◆ YOUR INSTRUCTIONS ◆
Exact copy, no pictures: take the lines of the listing below from the first through the one containing "Good ol' pink".

◆ THE DATA ◆
-*-
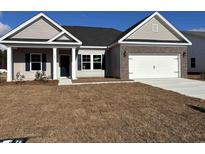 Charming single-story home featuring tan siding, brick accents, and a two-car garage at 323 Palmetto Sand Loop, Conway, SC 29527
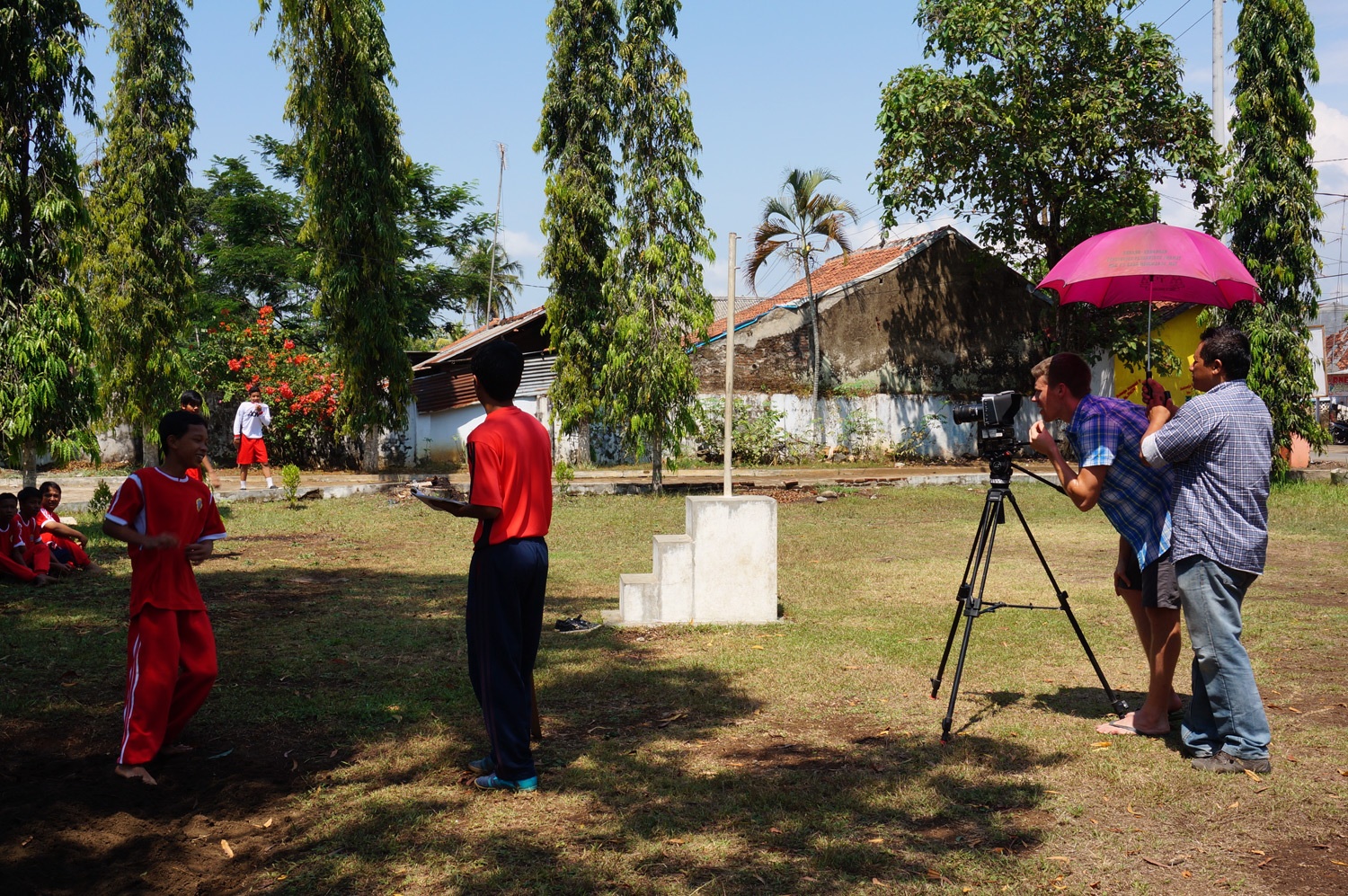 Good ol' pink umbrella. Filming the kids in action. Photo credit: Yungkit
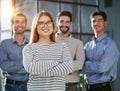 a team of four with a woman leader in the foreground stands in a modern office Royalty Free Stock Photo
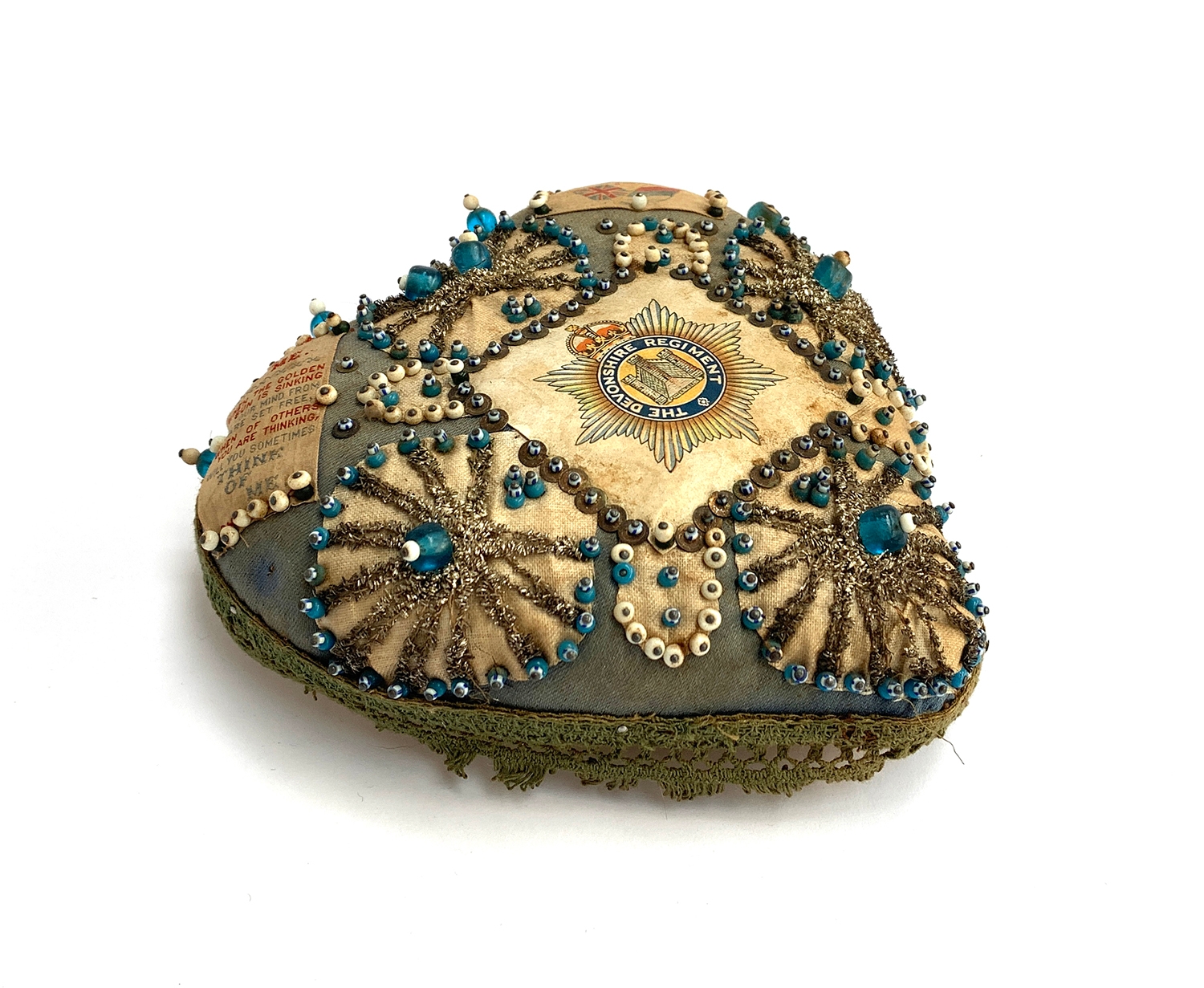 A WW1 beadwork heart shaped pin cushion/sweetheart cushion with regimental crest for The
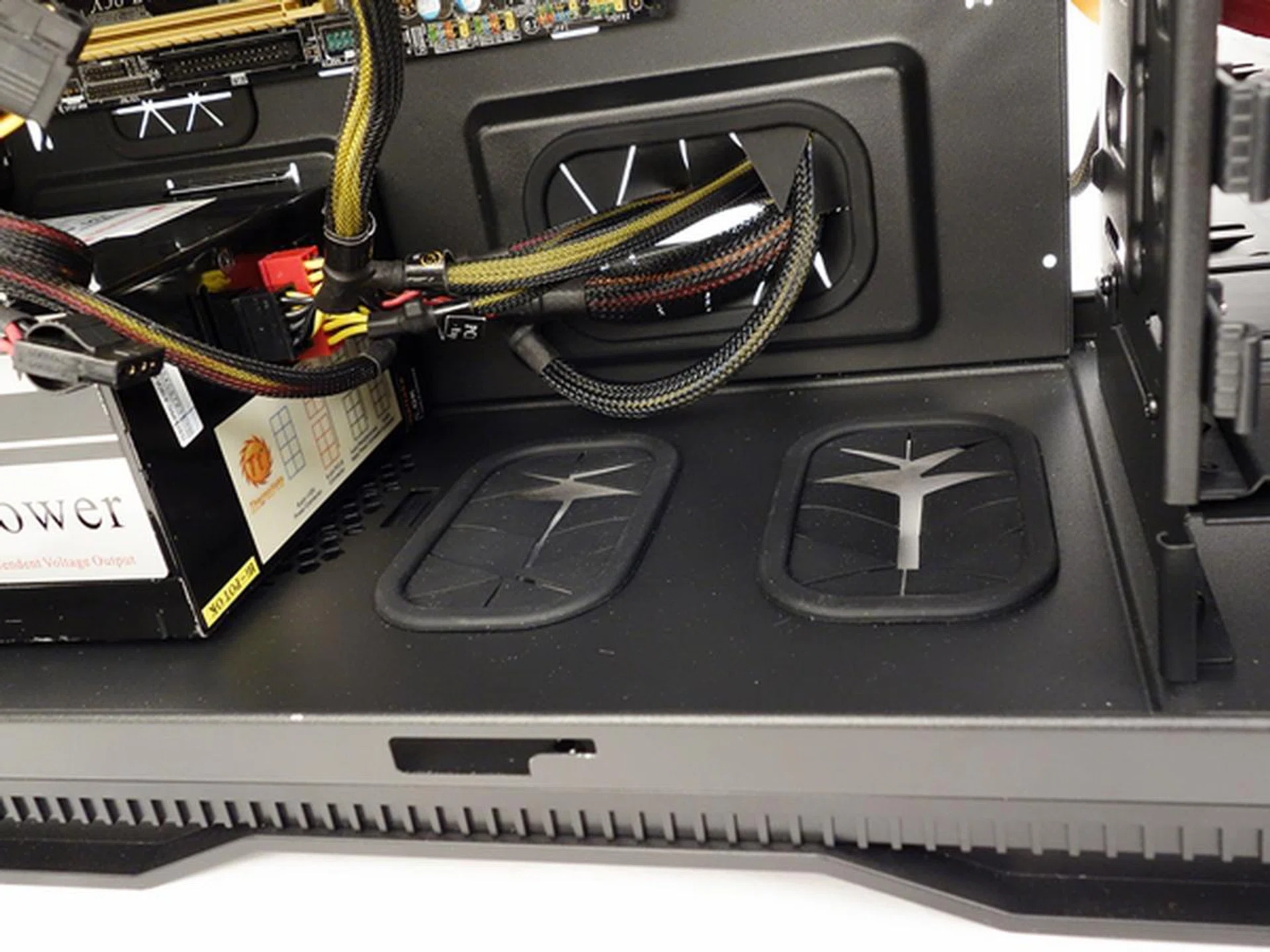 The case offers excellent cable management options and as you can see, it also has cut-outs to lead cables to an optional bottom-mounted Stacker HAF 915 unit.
-*-
◆ EXERCISE OUTPUT ◆
 Charming single-story home featuring tan siding, brick accents, and a two-car garage at 323 Palmetto Sand Loop, Conway, SC 29527
 Good ol' pink umbrella. Filming the kids in action. Photo credit: Yungkit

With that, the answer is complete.